Looking for a new show to watch? Want a show that will make you laugh with dumb animal puns but also has lots of existentialist philosophy? Look no further than Netflix’s BoJack Horseman.

BoJack Horseman takes place in a bizarre version of our own universe, where half-animal, half-human hybrids are totally normal. This allows for the dumb animal puns I mentioned earlier, while also providing an absurdist landscape for the philosophy of the same name.

The show is named after the protagonist, BoJack Horseman (voiced by Will Arnett of Lego Batman fame), a half horse, half human, washed out reality star. Once the star of a popular 90s sitcom, Horsing Around, BoJack’s glory days are far from over. 18 years from the show’s cancellation, BoJack decides to make a comeback – and stop the spiral of self-loathing and booze addiction he’s found himself in. It is here we join BoJack as he attempts to fill the void left behind in his soul by plunging himself back into his “Hollywoo” life, a challenge much more difficult than he anticipates.
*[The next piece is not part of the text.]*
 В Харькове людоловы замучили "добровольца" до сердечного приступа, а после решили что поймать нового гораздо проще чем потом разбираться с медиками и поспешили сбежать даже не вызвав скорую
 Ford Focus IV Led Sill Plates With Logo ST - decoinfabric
Along for the ride is Todd Chavez, BoJack’s human roommate, his feline workaholic agent – Princess Carolyn, Diane Nguyen, a human writer who BoJack hires to write his memoirs, and Mr. Peanutbutter, the ever optimistic and happy dog, a star of his own sitcom, Mr. Peanutbutter’s house, a rip-off of BoJack’s own show.
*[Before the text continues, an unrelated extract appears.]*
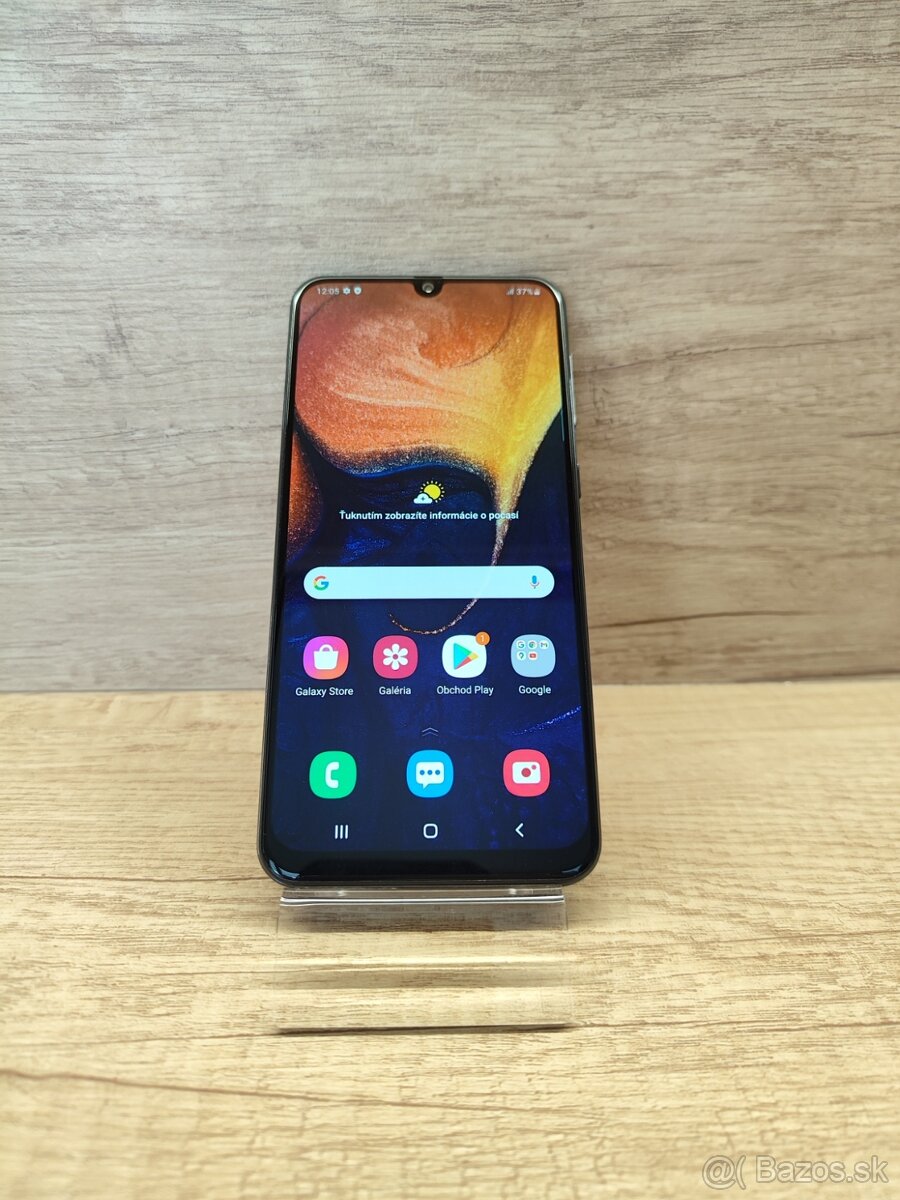 Samsung Galaxy A50 dual SIM - 128GB/4GB RAM - super stav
Bojack is a show that isn’t afraid to go dark and philosophical. Through Bojack attempting to get his star status back, we see a problem of identity and defining the self – a universal problem. It is a show that is extremely nihilist, discarding the notion of a firm place in the universe, and a show that perfectly captures the war between one’s true self and societal perceptions of the same

BoJack Horseman is a show that is often classified as a comedy, but is so much more than that. What followed a first season that opened to lukewarm reviews were the brilliantly crafted, and universally acclaimed seasons 2 and 3. If you’re a fan of Rick and Morty, and are looking for something similarly philosophical, but with much more character emphasis and development, BoJack is the show for you.

So grab a bunch of tissues, as you prepare to laugh, cry and question existence with a humanoid horse.

Bojack Horseman Season 4 comes out September 8 on Netflix.